Nothing but the lines from the start of the entries through the line holding "TITAN All-In-One Tennis" is to be repeated, exactly and with pictures excluded.

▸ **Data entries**
::::::::
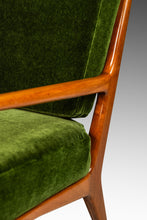 Load image into Gallery viewer, Italian Mid-Century Modern Lounge Chair &amp; Ottoman in Walnut and Mohair by Carlo de Carli for M. Singer and Sons, Italy-USA, 1950s-ABT Modern
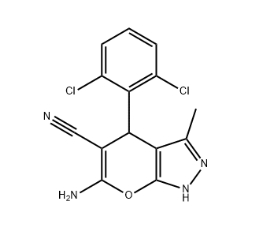 6-amino-4-(2,6-dichlorophenyl)-3-methyl-1,4-dihydropyrano[2,3-c]pyrazole-5-carbonitrile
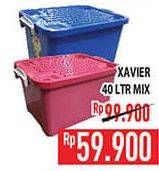 Promo Harga XAVIER X-box Container Mix 40 ltr - Hypermart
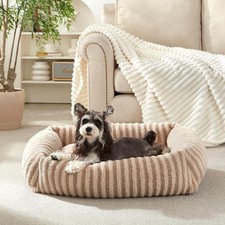 Dog Beds for Small Dogs Cats, Washable Dog Bed with Removable Cover, Soft Cal...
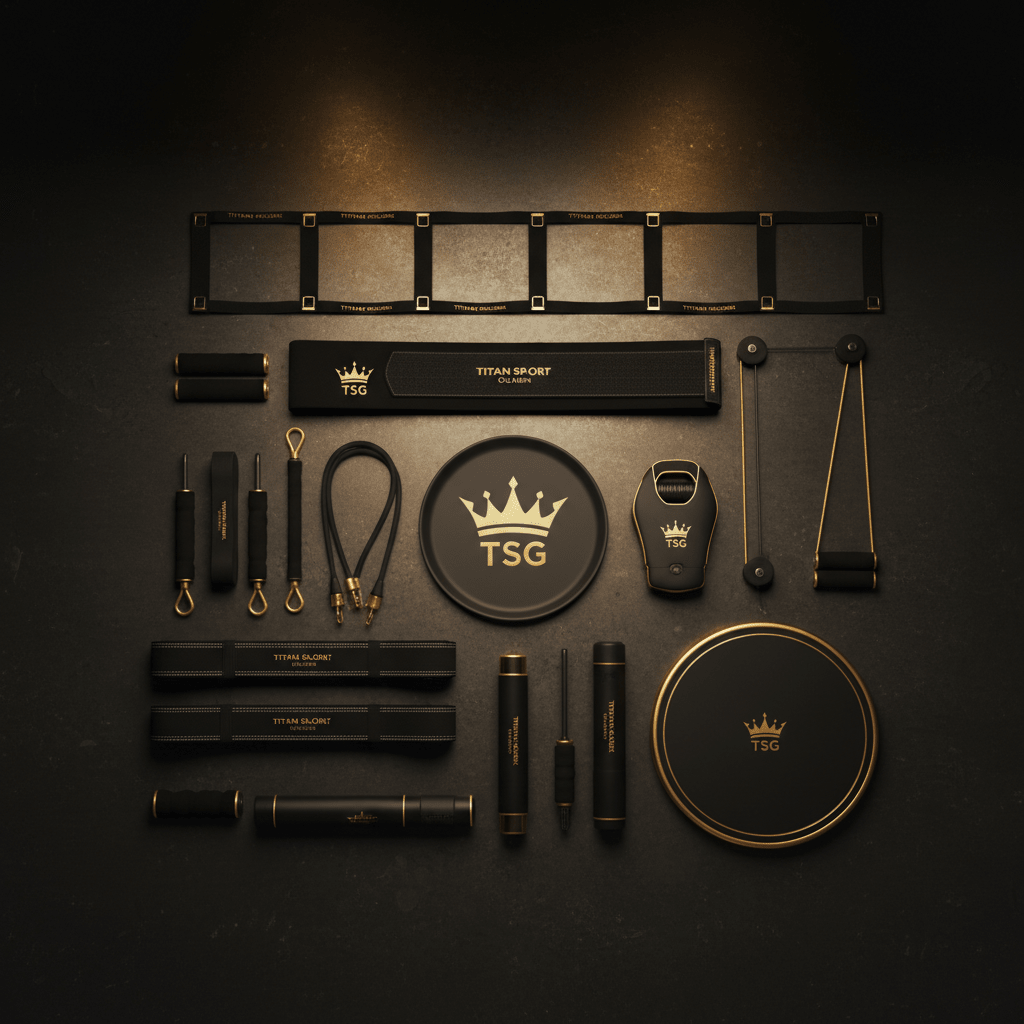 TITAN All-In-One Tennis Player's Home Gym Kit Crown Edition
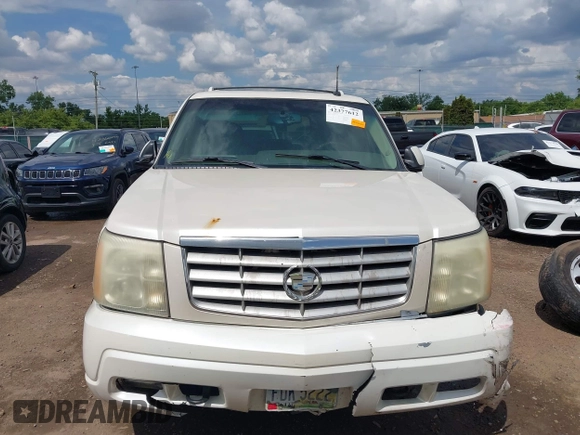2003 Cadillac Escalade z VIN 1GYEK63N43R166347, wystawiony jako IAAI lot #42377612 z przebiegiem 255 892 mil mil oraz . Historia ofert i sprzedaży dostępna na DreamBid. Obrazek 13.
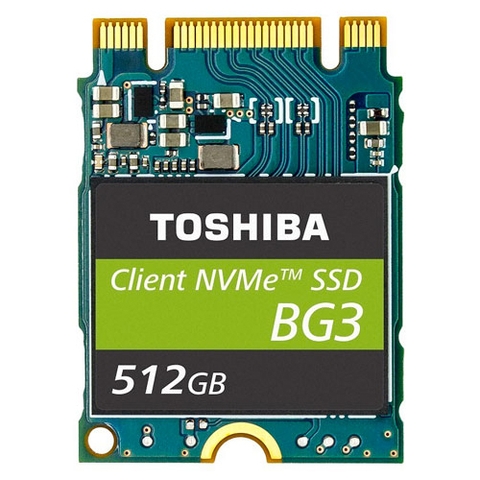 SSD Toshiba BG4 512GB M2 2230 PCIe NVMe Gen 3×4 KBG40ZNS512G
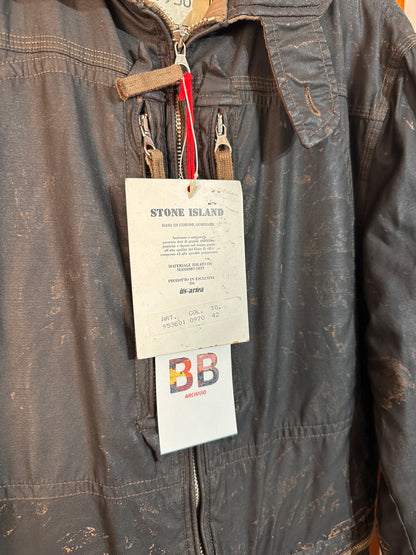 AW89/90 RASO GOMMATO COLOURED COVER BOILER SUITS in Dark Brown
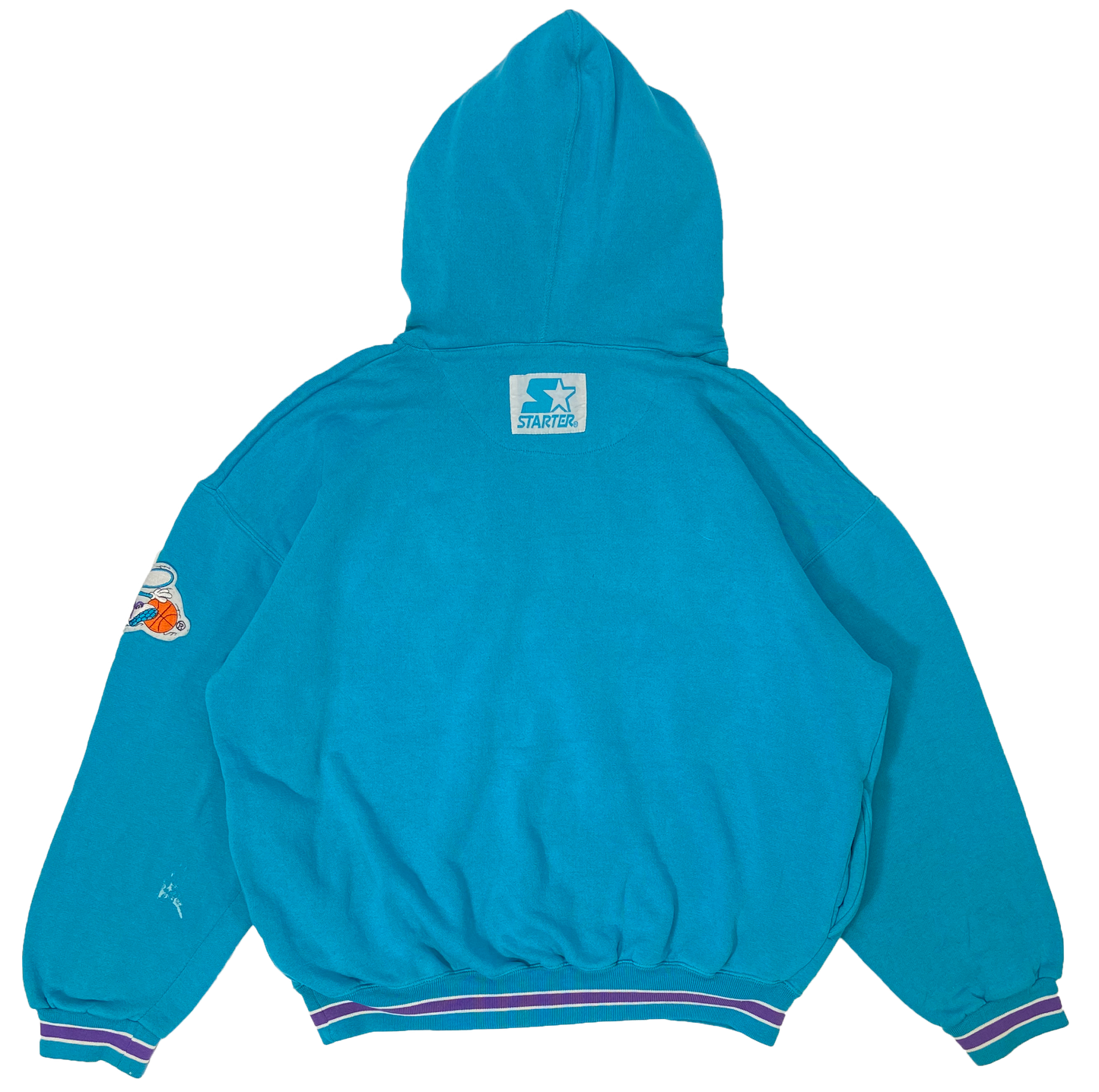 90's Starter Hornets NBA Hoodie Sweat-Shirt / 3312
::::::::
▸ **Output**
 Load image into Gallery viewer, Italian Mid-Century Modern Lounge Chair &amp; Ottoman in Walnut and Mohair by Carlo de Carli for M. Singer and Sons, Italy-USA, 1950s-ABT Modern
 6-amino-4-(2,6-dichlorophenyl)-3-methyl-1,4-dihydropyrano[2,3-c]pyrazole-5-carbonitrile
 Promo Harga XAVIER X-box Container Mix 40 ltr - Hypermart
 Dog Beds for Small Dogs Cats, Washable Dog Bed with Removable Cover, Soft Cal...
 TITAN All-In-One Tennis Player's Home Gym Kit Crown Edition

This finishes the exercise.